MATERIAL SUPPLIED:
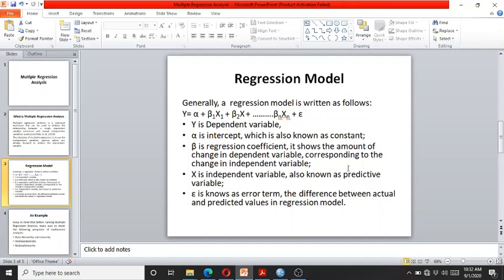A typical regression model looks like this: Y is the dependent variable, A is the alpha intercept, also known as a constant — it is the point where the regression line intercepts the Y axis. B is the beta coefficient, which is the regression coefficient showing the amount of change in the dependent variable corresponding to the change in the independent variable. X is the independent variable, also known as the predictor variable, and E is the error term or epsilon, which is the difference between the actual and predicted values.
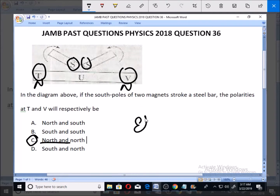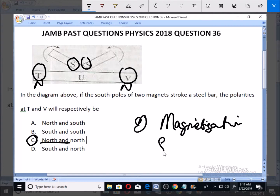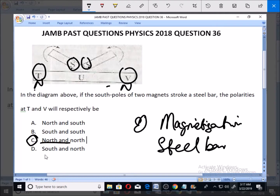When you want to magnetize a steel bar — to make it become a magnet — you have to do this form of double stroking. When you do that, if you have SS here you're going to have NN here. That is why we have north and north. You can see this is south and south, not south and north, so you have the same polarity because you're using the same poles. That makes C the answer to this problem. Thank you.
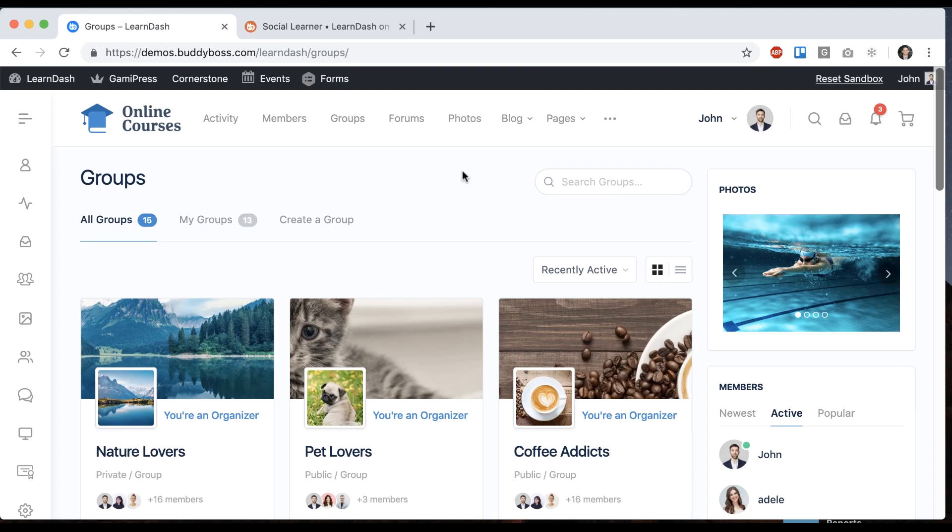In this tutorial I'm going to show you how you can connect your LearnDash courses with your social groups. This is a really awesome feature that if you're running a community with courses you're really going to love.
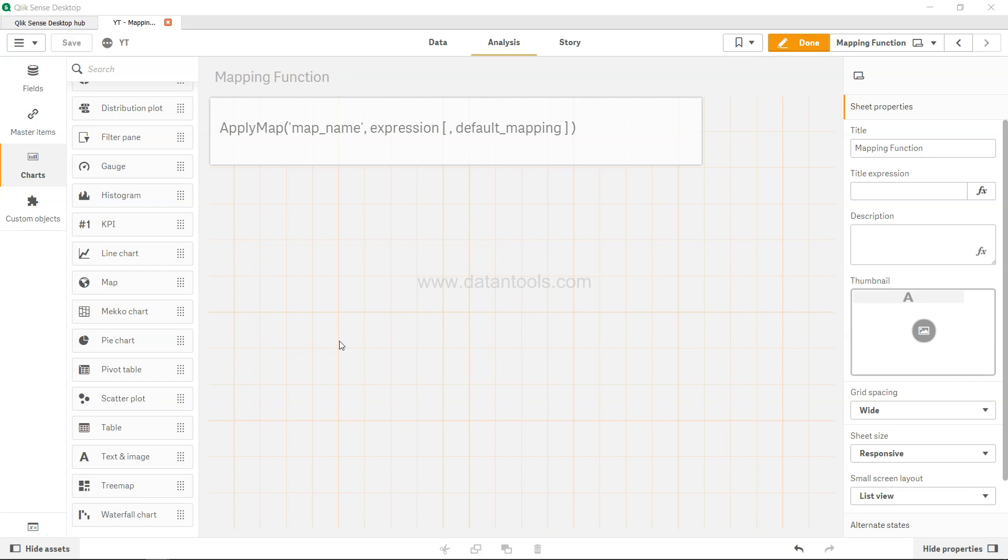Hi there and welcome to the new Qlik Sense tutorial video. In this video we're going to look at the ApplyMap function. An ApplyMap function is very helpful in mapping information from a different table, and you can think of it like a lookup function or a VLOOKUP function that you use in Excel.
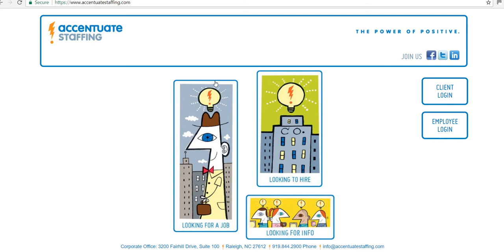You can also access your account by going to our website accentuatestaffing.com and selecting client login.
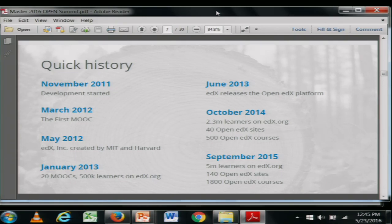From the beginning, Anant and his team always intended to open source the platform, but that was a project in and of itself — you do not simply release a piece of software as open source and say, okay, here it is. So there was a lot of work that went into that. By October 2014 there were 40 different Open edX sites aside from edX.org, with 500 courses on those sites. This past September: 5 million learners on edX.org, 140 Open edX sites over the course of a year, 100 new sites, and almost four times as many courses.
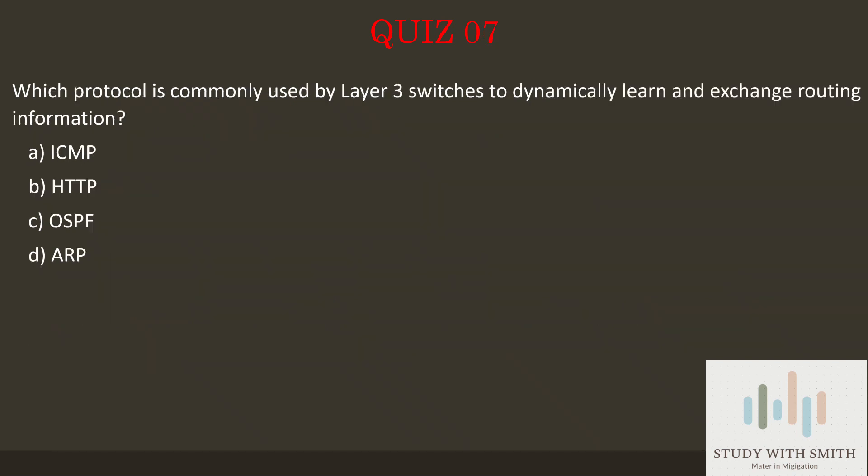Question 7: Which protocol is commonly used by Layer 3 switches to dynamically learn and exchange routing information? Pause the video now to select the best answer.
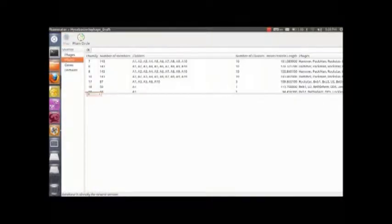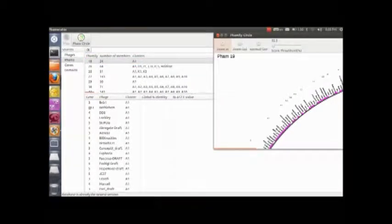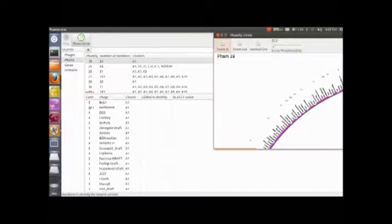Then, I'm going to choose Family 19 for no apparent reason. Then, open up your Fam Circle.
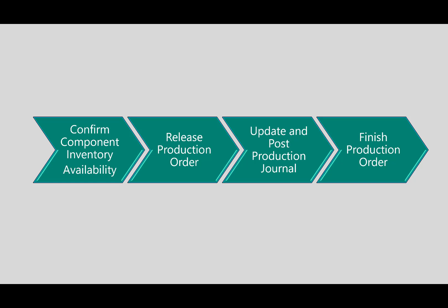Let's begin. The process here is to confirm the component inventory availability. We'll then release the production order. The third step will be to update and post production journal and then finish the production order.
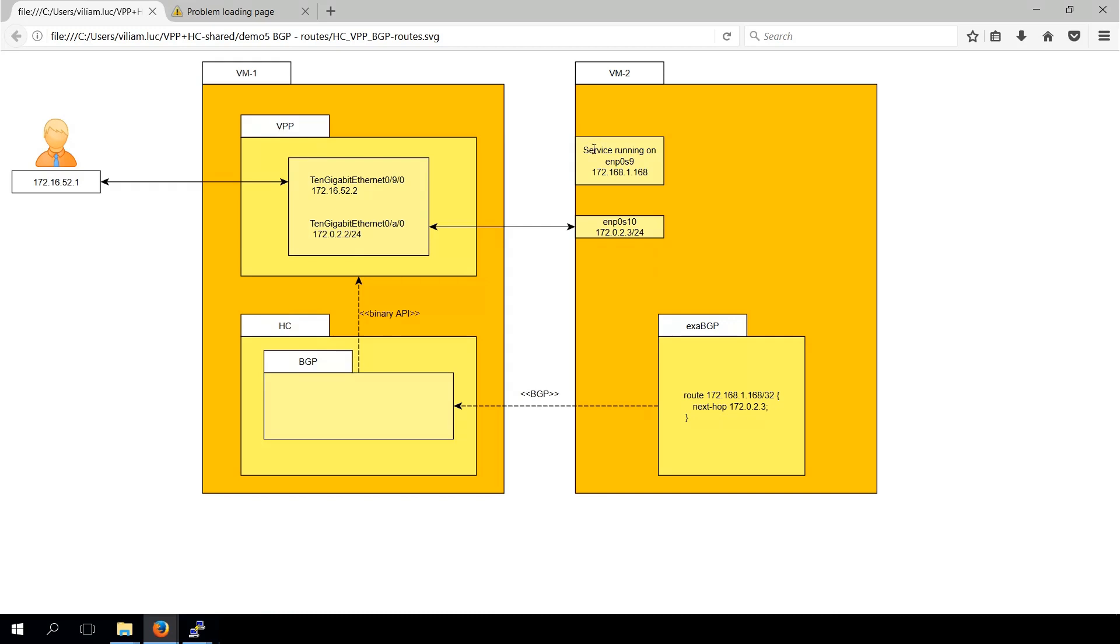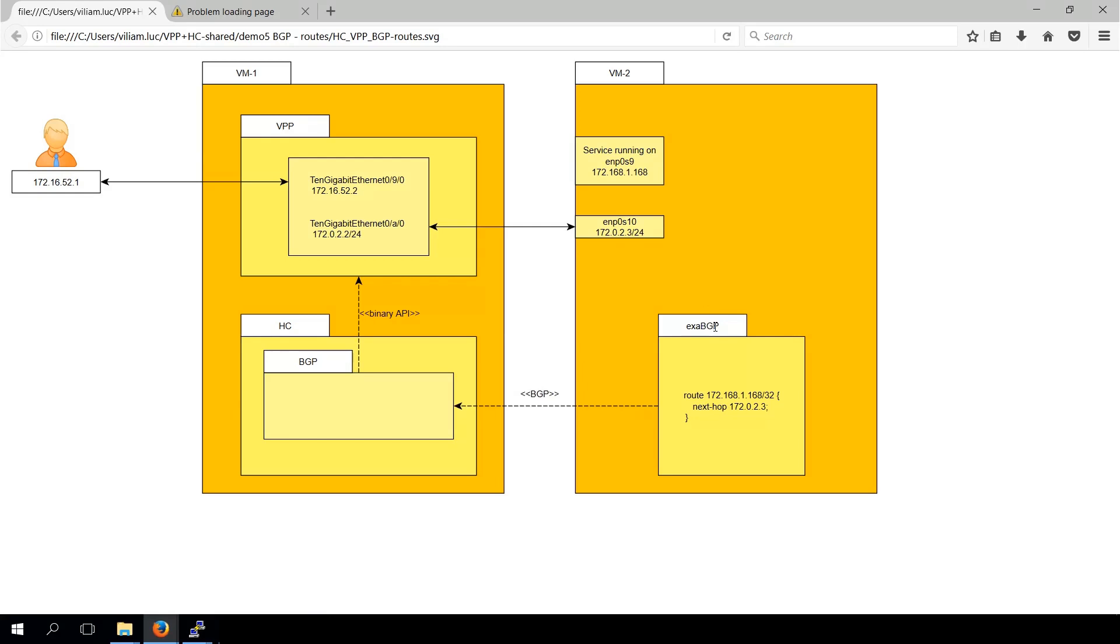We have instantiated a service on VM2 and we would like to announce the new service prefix to the VPP which is used by the user as a gateway. For that we will use ExaBGP daemon running on VM2 node. Let us demonstrate.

WHAT THIS TASK INVOLVES:
With the pictures omitted, restate word for word the lines above from the line that has "Hi there and" up to and including the line that has "You can also", and no other lines.

ANSWER TO THE EXERCISE:
Hi there and welcome to the new Qlik Sense tutorial video. In this video we're going to look at the ApplyMap function. An ApplyMap function is very helpful in mapping information from a different table, and you can think of it like a lookup function or a VLOOKUP function that you use in Excel.
You can also access your account by going to our website accentuatestaffing.com and selecting client login.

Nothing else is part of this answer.